Hydromodification is the alteration of the natural flow of water through a landscape, and often takes the form of channel modification or channelization. It is one of the leading sources of impairment in streams, lakes, estuaries, aquifers, and other water bodies in the United States.
There are numerous examples of hydromodification throughout the United States, and there is no shortage of examples of places where hydromodification has caused or contributed to water quality problems at our beaches.
Two such examples can be found not far from Surfrider's national headquarters in San Clemente, California. Both Prima Deshecha Creek at the northern border of San Clemente and Segunda Deshecha Creek about one mile to the south have been straightened and channelized to facilitate development and address flooding concerns during storms. The graphics below tell the story, showing how the lower portions of those watersheds looked in 1947 and how they look today. In both cases, a meandering creek and an associated floodplain was staightened and channelized, and the effective area of the floodplain was reduced.
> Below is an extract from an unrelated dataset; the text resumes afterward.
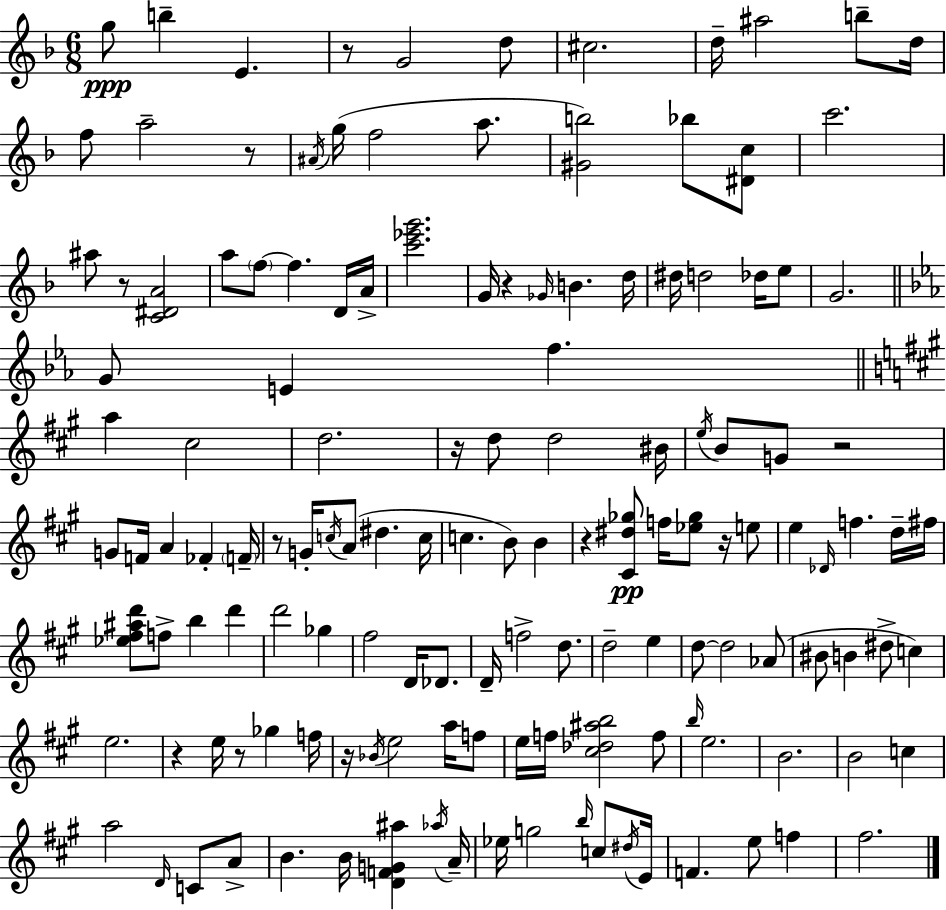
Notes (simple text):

G5/e B5/q E4/q. R/e G4/h D5/e C#5/h. D5/s A#5/h B5/e D5/s F5/e A5/h R/e A#4/s G5/s F5/h A5/e. [G#4,B5]/h Bb5/e [D#4,C5]/e C6/h. A#5/e R/e [C4,D#4,A4]/h A5/e F5/e F5/q. D4/s A4/s [C6,Eb6,G6]/h. G4/s R/q Gb4/s B4/q. D5/s D#5/s D5/h Db5/s E5/e G4/h. G4/e E4/q F5/q. A5/q C#5/h D5/h. R/s D5/e D5/h BIS4/s E5/s B4/e G4/e R/h G4/e F4/s A4/q FES4/q F4/s R/e G4/s C5/s A4/e D#5/q. C5/s C5/q. B4/e B4/q R/q [C#4,D#5,Gb5]/e F5/s [Eb5,Gb5]/e R/s E5/e E5/q Db4/s F5/q. D5/s F#5/s [Eb5,F#5,A#5,D6]/e F5/e B5/q D6/q D6/h Gb5/q F#5/h D4/s Db4/e. D4/s F5/h D5/e. D5/h E5/q D5/e D5/h Ab4/e BIS4/e B4/q D#5/e C5/q E5/h. R/q E5/s R/e Gb5/q F5/s R/s Bb4/s E5/h A5/s F5/e E5/s F5/s [C#5,Db5,A#5,B5]/h F5/e B5/s E5/h. B4/h. B4/h C5/q A5/h D4/s C4/e A4/e B4/q. B4/s [D4,F4,G4,A#5]/q Ab5/s A4/s Eb5/s G5/h B5/s C5/e D#5/s E4/s F4/q. E5/e F5/q F#5/h.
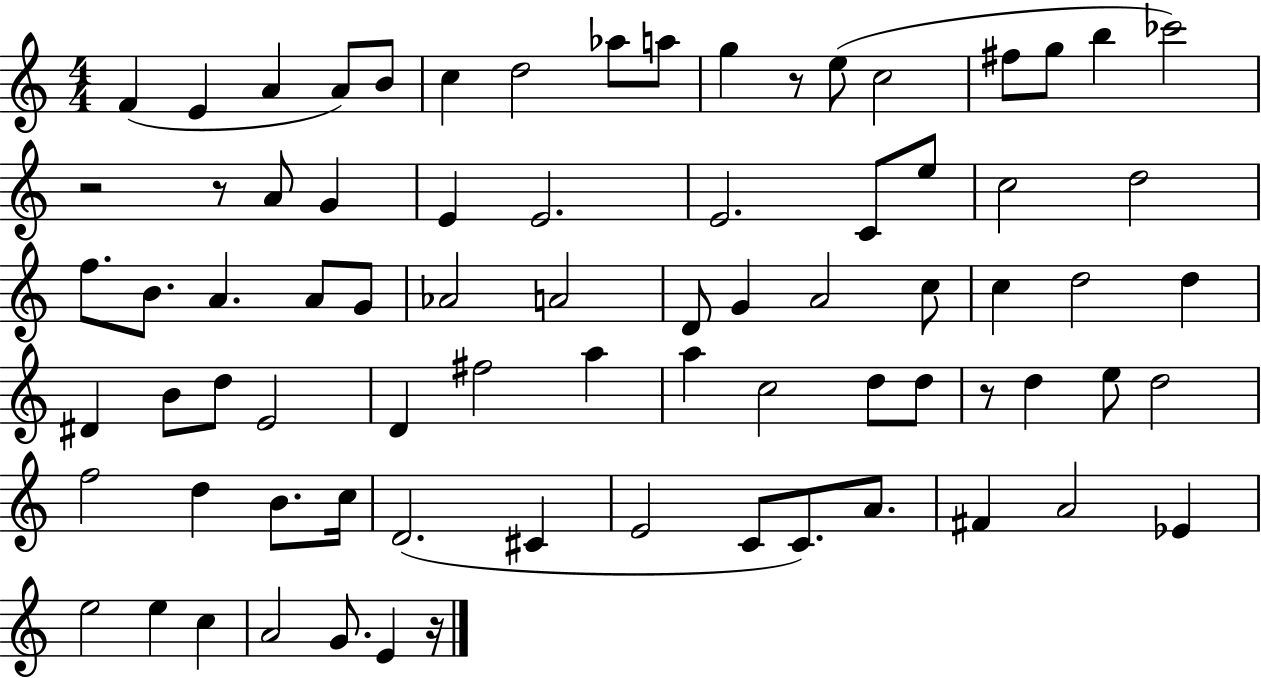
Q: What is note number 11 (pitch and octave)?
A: E5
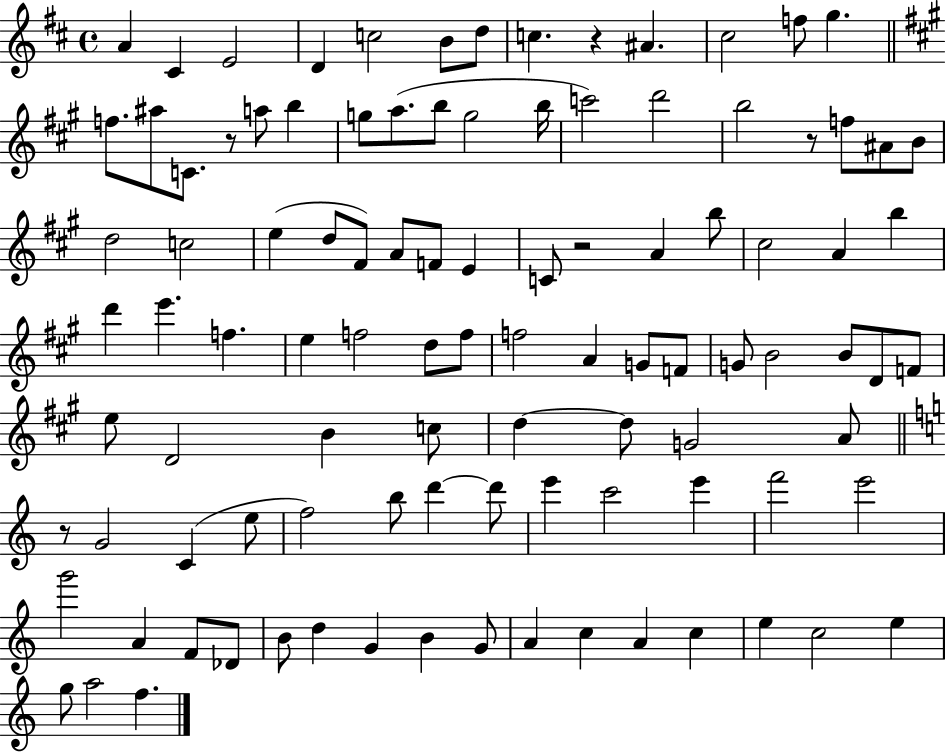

What have been the consequences of the hydromodification in those two watersheds? Prima Deshecha ends at Poche Beach, which has long been noted as a beach with chronic water quality problems. Segunda Deshecha (now the 'Pico Drain') ends at North Beach, another location with periodic water quality concerns.
Once hydromodification and subsequent development in the watershed has occurred, it's very difficult to restore watershed functions and improve water quality. Difficult, but not impossible. Up the coast in Los Angeles, the LA River, a poster child for hydromodification and resultant poor water quality at its terminus in Long Beach, recently got some good news. The U.S. Army Corps of Engineers announced that they have decided to recommend approval of an ambitious, $1-billion proposal to restore habitat, widen the river, create wetlands and provide access points and bike trails along an 11-mile stretch north of downtown. Whether this will improve water quality remains to be seen, but it's certainly a big step in the right direction and an indication that some hydromodification can be 're-modified' to address impacts.